Kemampuan peserta dilihat dari penguasaan materi masih kurang dikarenakan waktu yang singkat dalam penyampaian materi dan kemampuan para peserta yang berbeda-beda. Hal ini disebabkan jumlah materi yang banyak hanya disampaikan dalam waktu sehari sehingga tidak cukup waktu bagi para peserta untuk memahami dan mempraktikkan secara lengkap semua materi yang diberikan. Secara keseluruhan kegiatan pelatihan PTK untuk mempercepat guru memperoleh sertifikasi ini dapat dikatakan berhasil. Keberhasilan ini selain diukur dari keempat komponen di atas, juga dapat dilihat dari kepuasan peserta setelah mengikuti kegiatan. Manfaat yang diperoleh guru adalah dapat menyusun dan melaksanakan PTK dengan kualitas yang lebih baik dan diharapkan kualitas tersebut sudah mengikuti standar untuk dapat dipakai sebagai poin dalam penilaian portofolio sertifikasi guru.

F.    Kesimpulan

Program pelatihan PTK bagi guru di Rancah dapat diselenggarakan dengan baik dan berjalan dengan lancar sesuai dengan rencana kegiatan yang telah disusun meskipun belum semua peserta pendampingan menguasai dengan baik materi yang disampaikan.
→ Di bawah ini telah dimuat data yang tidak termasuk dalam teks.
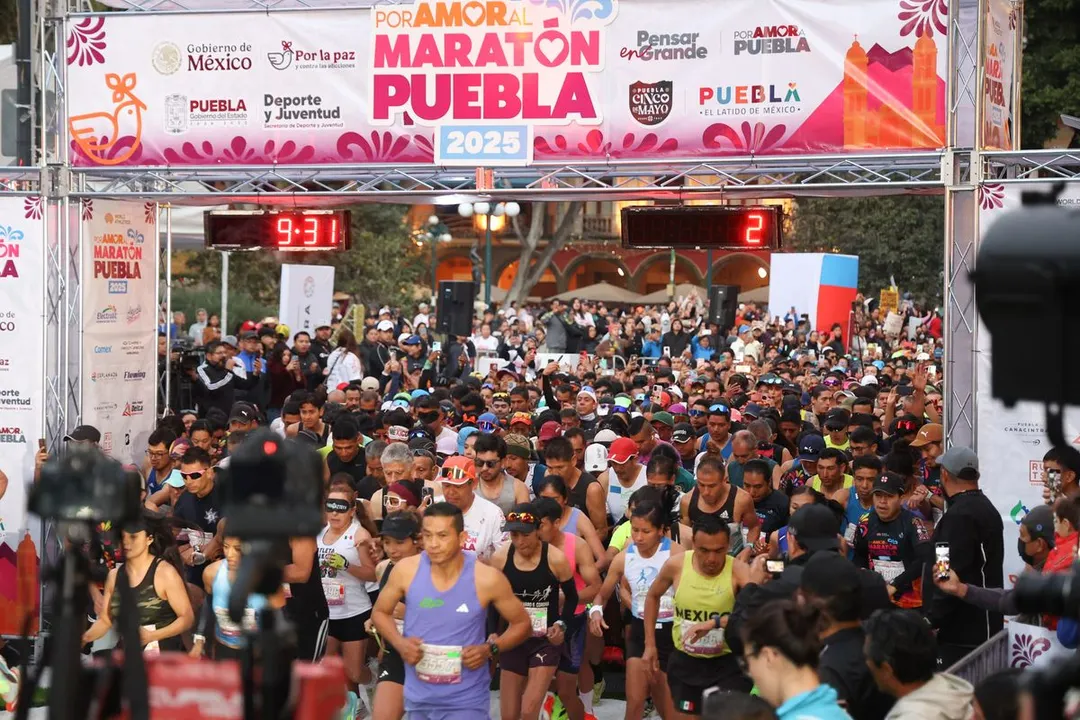 Salida del Maratón de Puebla 2025. Foto: Daniela Portillo / EsImagen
Kegiatan ini mendapat sambutan sangat baik terbukti dengan keaktifan peserta  mengikuti pendampingan dengan tidak meninggalkan tempat sebelum waktu pelatihan berakhir.

G.    Rekomendasi

Berdasarkan evaluasi yang telah dilakukan dapat diajukan beberapa saran sebagai berikut:

1. Waktu pelaksanaan kegiatan pengabdian perlu ditambah agar tujuan kegiatan dapat tercapai sepenuhnya, tetapi dengan konsekuensi penambahan biaya pelaksanaan. Oleh karena itu biaya PPM sebaiknya tidak sama antara beberapa tim pengusul proposal, mengingat khalayak sasaran yang berbeda pula.

2.  Adanya kegiatan lanjutan yang berupa pelatihan sejenis selalu diselenggarakan secara periodik sehinga dapat meningkatkan kemampuan guru dalam melaksanakan proses belajar mengajar.
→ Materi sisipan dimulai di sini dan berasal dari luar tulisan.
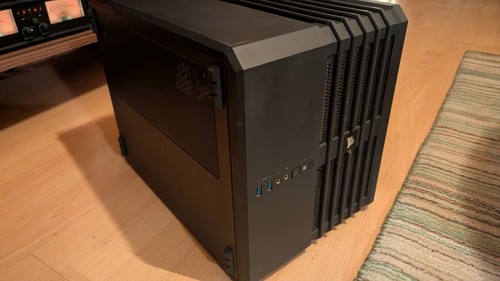 Corsair carbide air 240 - carbide,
3.     Untuk menguatkan hasil pengabdian periode tahun 2013/2014, maka perlu dilaksanakan kegiatan pengabdian yang lebih menyasar pada pengkajian dan pelatihan pembelajaran. Mengingat pembelajaran merupakan “nafas” dari PTK dan mempunyai peran penting dalam meningkatkan kualitas hasil pembelajaran.

DAFTAR PUSTAKA 

Arikunto, Suharsimi. (2007) Penelitian Tindakan Kelas . Jakarta: Bumi Aksara.

 Depdikbud. (1997) Action Research: Penelitian Tindakan Kelas. Jakarta: Depdikbud.

 Ibnu, Suhadi. (1997). Penelitian Tindakan Kelas: Potensi dan Keterbatasannya sebagai Wahana Pemecah Masalah Pembelajaran, Forum Penelitian Kependidikan: Jurnal Teori dan Praktik Peneltian Kependidikan IKIP Malang, tahun 9-Desember, hal. 16 – 30.

 Kadir, Sardjan. (1997). Penelitian Tindakan untuk Pendidikan, Forum Penelitian Kependidikan: Jurnal Teori dan Praktik Penelitian Kependidikan IKIP Malang.

 Madya, Suarsih. (2006) Penelitian Tindakan Kelas. Bandung: Alfa Beta.

 Suriatmadja. (2007) Penelitian Tindakan Kelas. Bandung: Rosda Karya

Tim Pelatih PGSM. (1999). Penelitian Tindakan Kelas (Classroom Action Research): Bahan Pelatihan Guru. Jakarta: Proyek PGSM Dirjen Dikti Depdikbud.